Di sanalah, di antara deretan dormitori dan gedung-gedung pabrik yang tidak pernah berhenti beroperasi, saya menemukan hidup. Saya tidak akan pernah seperti hari ini jika tak pergi ke sana.

Di sanalah, di kawasan industri yang setiap sudutnya berbatasan dengan laut saya belajar bersabar, belajar menjadi sebenar-benar manusia. Di sanalah, saya mulai serius “mencari” dan lebih mengenali Tuhan.

Lobam akan selalu lekat dalam ingatan, menjadi kota kecil yang sukar dilupakan.

Lobam, Sebuah Ingatan yang Buram dan Nyaris Padam

Februari 2005

Bekerja sebagai buruh pabrik di perantauan dengan masyarakatnya yang majemuk adalah sebuah perjalanan yang akan terus saya ingat. Banyak hal yang saya temukan. Banyak hal yang saya pelajari. Sedikit banyak mengubah cara pandang saya terhadap hidup.
Saya belajar tentang keberagaman. Mengenal orang-orang dari berbagai suku, agama, warga negara, dan budaya yang berbeda.

Lobam adalah miniatur Indonesia, seperti Jakarta. Melalui teman-teman satu dormitori dan kawan-kawan di PT, saya bukan hanya belajar menghargai, tapi juga memahami bahwa perbedaan hanyalah ilusi yang kita buat sendiri.

Dormitori tempat saya tinggal berisi 14 orang perempuan yang berasal dari daerah berbeda. 

Dibutuhkan sedikitnya 5 ribu kata untuk merangkum segala kisah yang terjadi di sana.

Saya belajar kelembutan hati dari Kak Belina, orang Mandailing yang setiap sahur sering kali membangunkan dengan cara menepuk kaki saya.

Saya belajar strata cinta dari Syila, gadis Palembang yang menjadi tulang punggung keluarganya. Saya belajar memperbaiki selera humor dari Kak Yani, perempuan Melayu yang mulutnya kadang tak bisa direm tapi ialah satu-satunya “pelawak” yang selalu menghibur kami. Saya belajar tentang kebaikan dari Mbak Nia, supervisor saya di perusahaan.

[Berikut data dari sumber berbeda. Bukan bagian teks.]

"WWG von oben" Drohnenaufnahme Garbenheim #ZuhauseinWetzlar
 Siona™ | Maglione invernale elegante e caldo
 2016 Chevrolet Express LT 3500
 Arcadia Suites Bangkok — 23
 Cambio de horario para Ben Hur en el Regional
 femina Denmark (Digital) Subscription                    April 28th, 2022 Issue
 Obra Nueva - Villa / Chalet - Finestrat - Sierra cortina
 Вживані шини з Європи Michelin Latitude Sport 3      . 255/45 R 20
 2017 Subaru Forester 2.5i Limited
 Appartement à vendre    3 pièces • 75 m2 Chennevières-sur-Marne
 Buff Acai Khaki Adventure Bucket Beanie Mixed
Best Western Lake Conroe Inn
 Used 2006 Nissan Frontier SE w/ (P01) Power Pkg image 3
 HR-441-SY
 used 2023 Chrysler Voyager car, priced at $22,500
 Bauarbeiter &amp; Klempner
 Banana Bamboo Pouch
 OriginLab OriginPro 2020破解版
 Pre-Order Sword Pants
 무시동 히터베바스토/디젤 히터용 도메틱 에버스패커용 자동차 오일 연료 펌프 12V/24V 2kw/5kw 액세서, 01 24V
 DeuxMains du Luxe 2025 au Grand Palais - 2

Di Lobam inilah saya kembali belajar menulis, sesuatu yang sempat saya lupakan bertahun-tahun sebelumnya. Untuk pertama kalinya, cerpen saya berhasil menembus media nasional.

Saya belajar dari banyak orang. Dari banyak hal. Belajar bertoleransi, belajar menghargai orang lain, juga belajar bahwa di perantauan, setiap kita adalah saudara.

PT CCI Bintan

PT tempat saya bekerja

Pantai Teluk Lobam

Tempat nongkrong, jaraknya hanya “selemparan batu” dari dormitori

Dormitori 16 Unit 7

Junior tidur di ranjang atas 😀

KEGIATAN LAINNYA

Di sana, kami tidak hanya bekerja, tapi juga difasilitasi dengan kegiatan-kegiatan seperti keagamaan, olahraga, dan “ekstra kulikuler” lainnya.

 

Pantai Sakera

Menjadi guru relawan untuk anak-anak nelayan

Perayaan 1 Muharam

Menjadi penabuh rebana

Berziarah Kepadamu

Berbeda dari tiga belas tahun lalu, Kawasan Industri Lobam sudah tak seramai dulu. Satu per satu perusahaan mulai tutup, begitu juga dengan penghuninya: pindah ke Batam atau ke tempat lain.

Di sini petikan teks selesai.